Monday, June 22, 2009

In computer networks, a proxy server is a server (a computer system or an application program) that acts as a go-between for requests from clients seeking resources from other servers. A client connects to the proxy server, requesting some service, such as a file, connection, web page, or other resource, available from a different server. The proxy server evaluates the request according to its filtering rules. For example, it may filter traffic by IP address or protocol. If the request is validated by the filter, the proxy provides the resource by connecting to the relevant server and requesting the service on behalf of the client. A proxy server may optionally alter the client's request or the server's response, and sometimes it may serve the request without contacting the specified server. In this case, it 'caches' responses from the remote server, and returns subsequent requests for the same content directly.
A proxy server has two purposes:
To keep machines behind it anonymous (mainly for security).
To speed up access to a resource (via caching).

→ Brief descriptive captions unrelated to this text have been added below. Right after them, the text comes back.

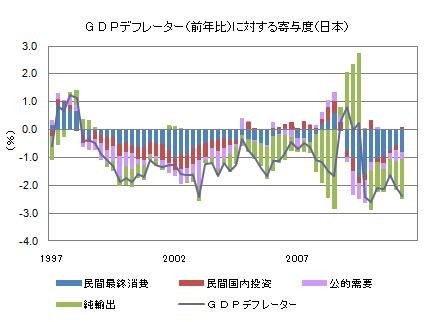 f:id:kuma_asset:20110816183215j:image f:id:kuma_asset:20110816183215j:image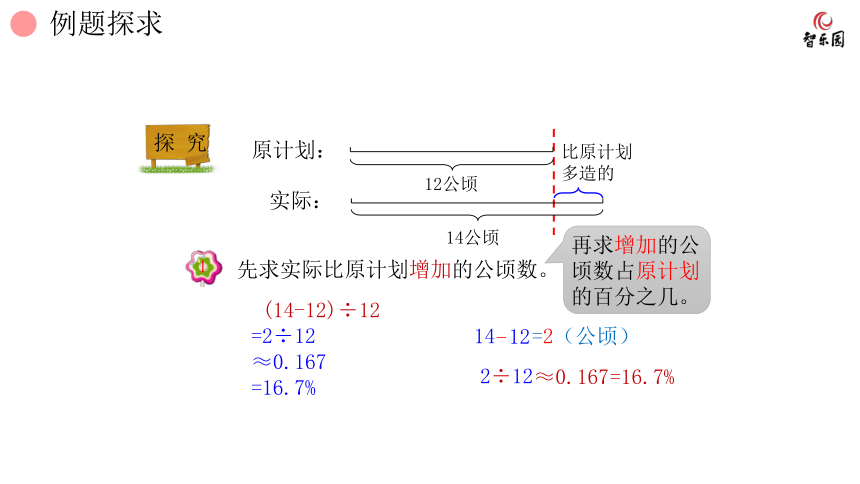 人教版小数六年级上册 6.4 百分数(一) 求一个数比另一个数多（或少）百分之几 课件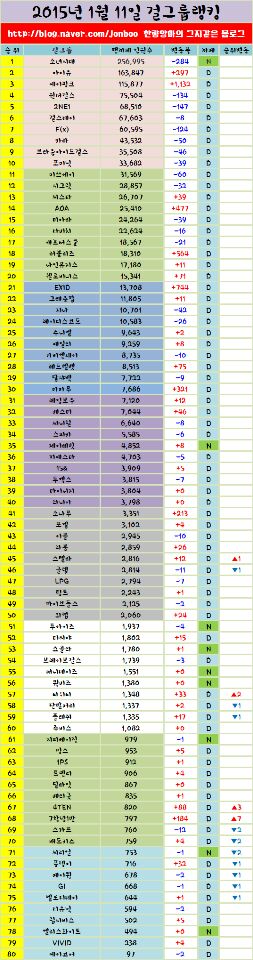 k-pop-a-pink---kaskus-pink-panda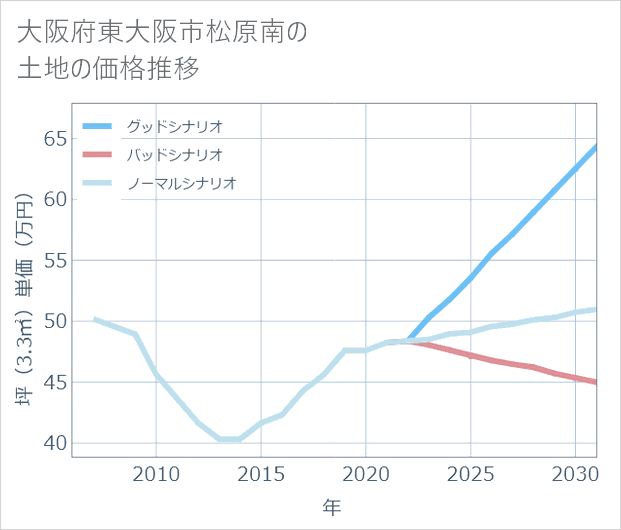 大阪府東大阪市松原南の土地価格推移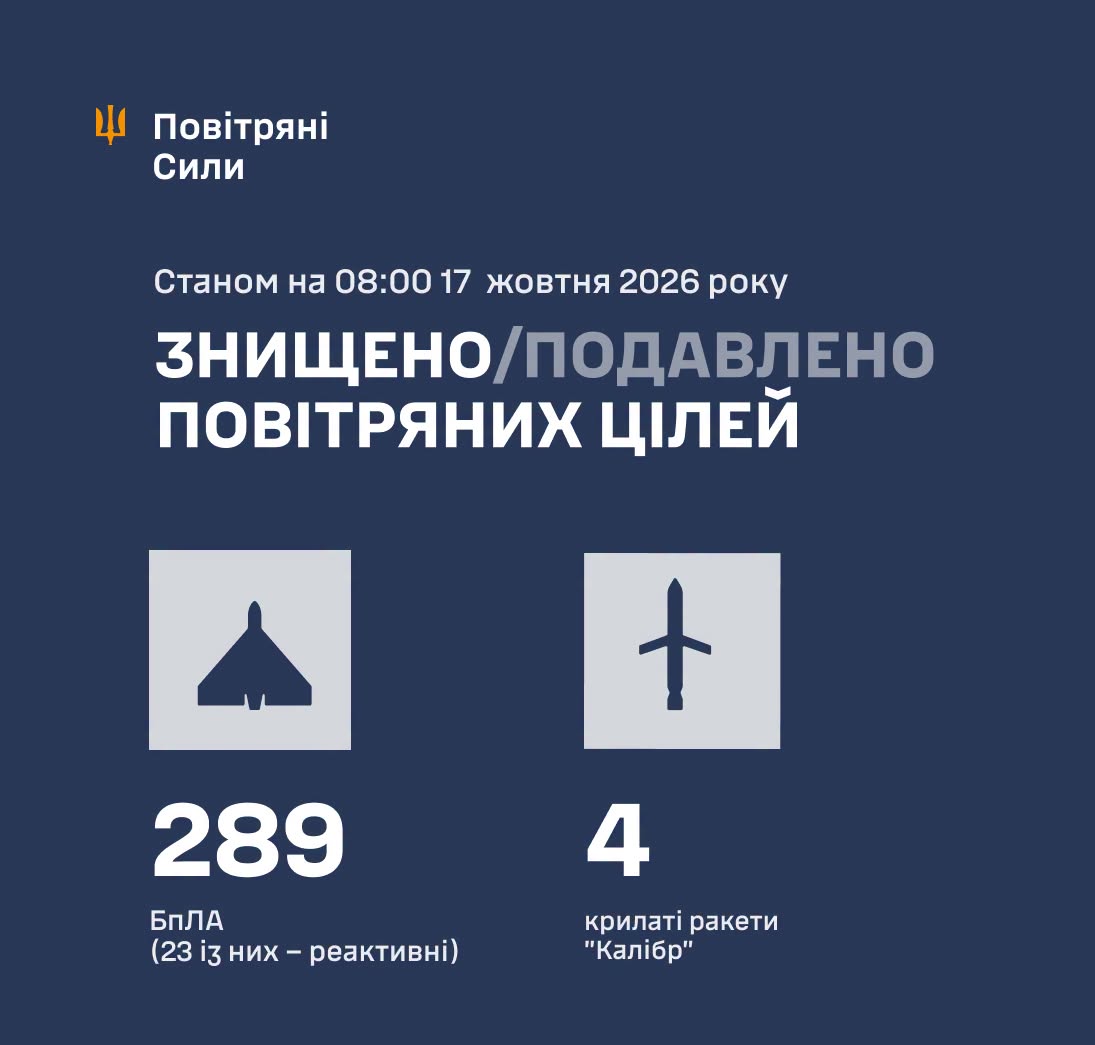 Новини Хмельницького - фото з Країна під атакою БпЛА: скільки цілей збили на Хмельниччині за добу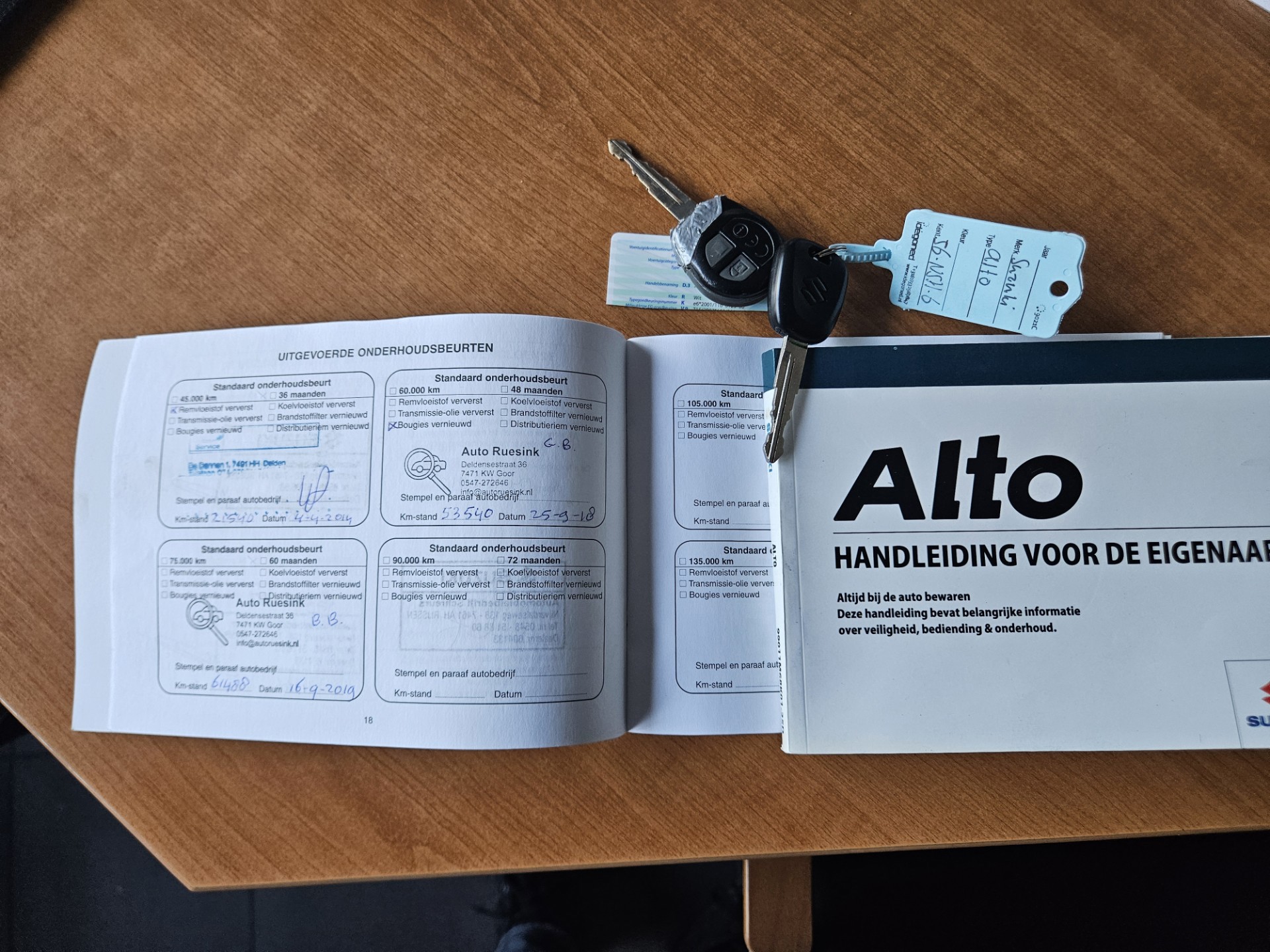 Foto van Suzuki Alto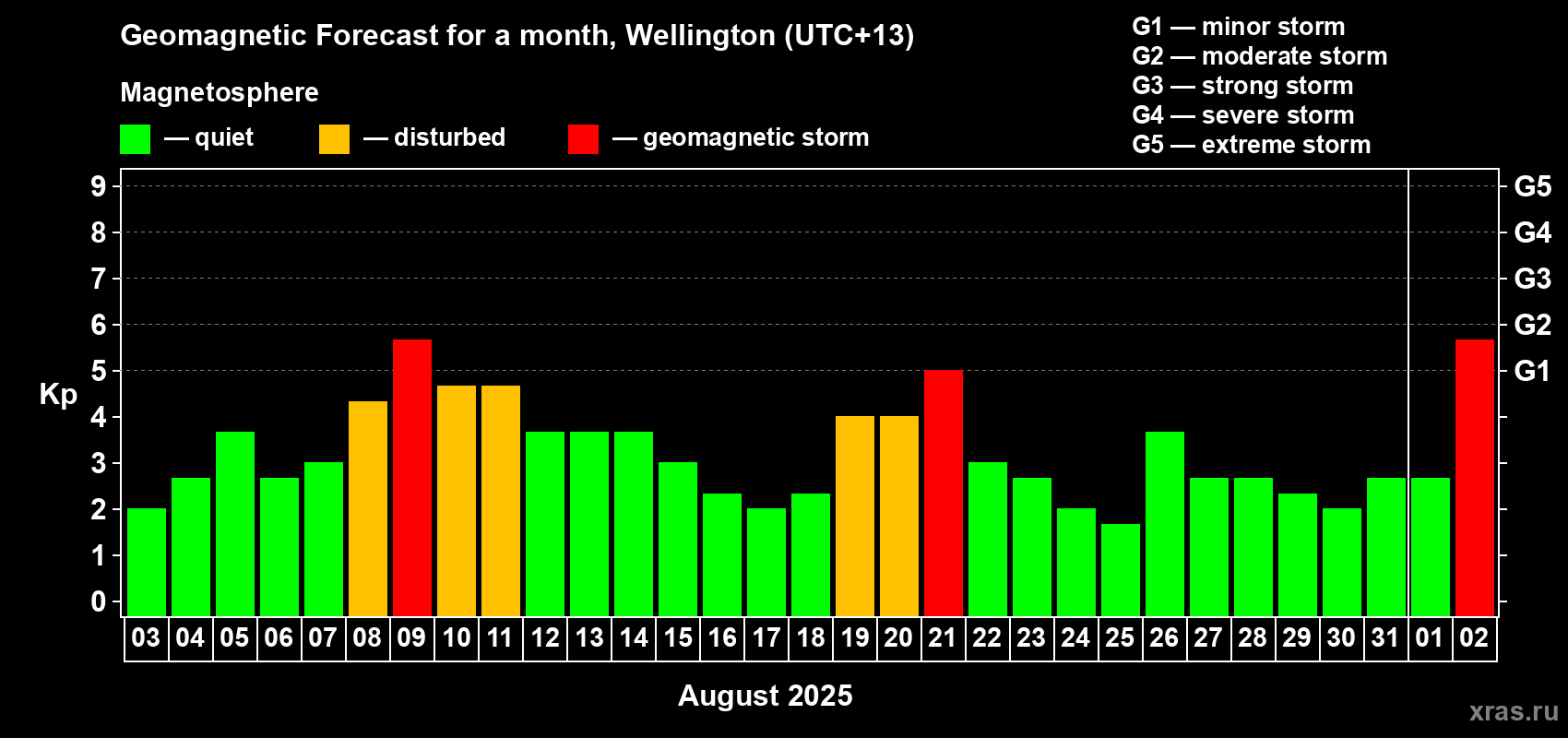 Forecast of the daily maximal value of geomagnetic index&nbsp;Kp for <b>1 month</b> (31 days) <b>from Aug 03, 2025 to Sep 02, 2025</b>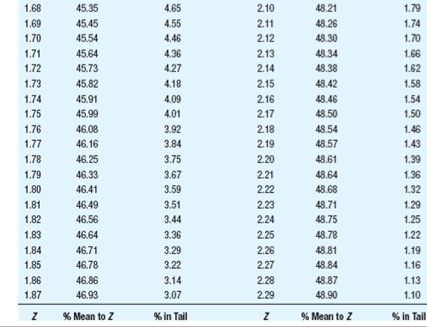 44.74 5.26 2.04 47.93 2.07 1.63 14.84 5.16 2.05 47.98 2.02 1.64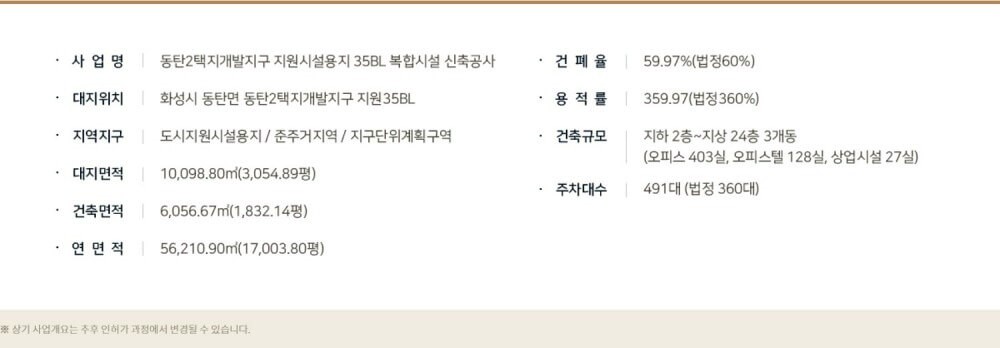 힐스테이트-동탄-르센텀-사업개요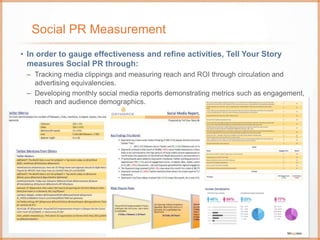 Social PR Measurement
• In order to gauge effectiveness and refine activities, Tell Your Story
measures Social PR through:
– Tracking media clippings and measuring reach and ROI through circulation and
advertising equivalencies.
– Developing monthly social media reports demonstrating metrics such as engagement,
reach and audience demographics.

It is commonly used to cache web pages from a web server.
A proxy server that passes requests and replies unmodified is usually called a gateway or sometimes tunneling proxy.
A proxy server can be placed in the user's local computer or at various points between the user and the destination servers or the Internet. A reverse proxy is a proxy used as a front-end to accelerate and cache in-demand resources (such as a web page).

Types and functions
Proxy servers implement one or more of the following functions:

Caching proxy server
A caching proxy server accelerates service requests by retrieving content saved from a previous request made by the same client or even other clients. Caching proxies keep local copies of frequently requested resources, allowing large organizations to significantly reduce their upstream bandwidth usage and cost, while significantly increasing performance. Most ISPs and large businesses have a caching proxy. These machines are built to deliver superb file system performance (often with RAID and journaling) and also contain hot-rodded versions of TCP. Caching proxies were the first kind of proxy server.
Some poorly-implemented caching proxies have had downsides (e.g., an inability to use user authentication). Some problems are described in RFC 3143 (Known HTTP Proxy/Caching Problems).
Another important use of the proxy server is to reduce the hardware cost. An organization may have many systems on the same network or under control of a single server, prohibiting the possibility of an individual connection to the Internet for each system. In such a case, the individual systems can be connected to one proxy server, and the proxy server connected to the main server.

Web proxy
A proxy that focuses on WWW traffic is called a "web proxy". The most common use of a web proxy is to serve as a web cache. Most proxy programs (e.g. Squid) provide a means to deny access to certain URLs in a blacklist, thus providing content filtering. This is often used in a corporate, educational or library environment, and anywhere else where content filtering is desired. Some web proxies reformat web pages for a specific purpose or audience (e.g., cell phones and PDAs).
AOL dialup customers used to have their requests routed through an extensible proxy that 'thinned' or reduced the detail in JPEG pictures. This sped up performance but caused problems, either when more resolution was needed or when the thinning program produced incorrect results. This is why in the early days of the web many web pages would contain a link saying "AOL Users Click Here" to bypass the web proxy and to avoid the bugs in the thinning software.[citation needed]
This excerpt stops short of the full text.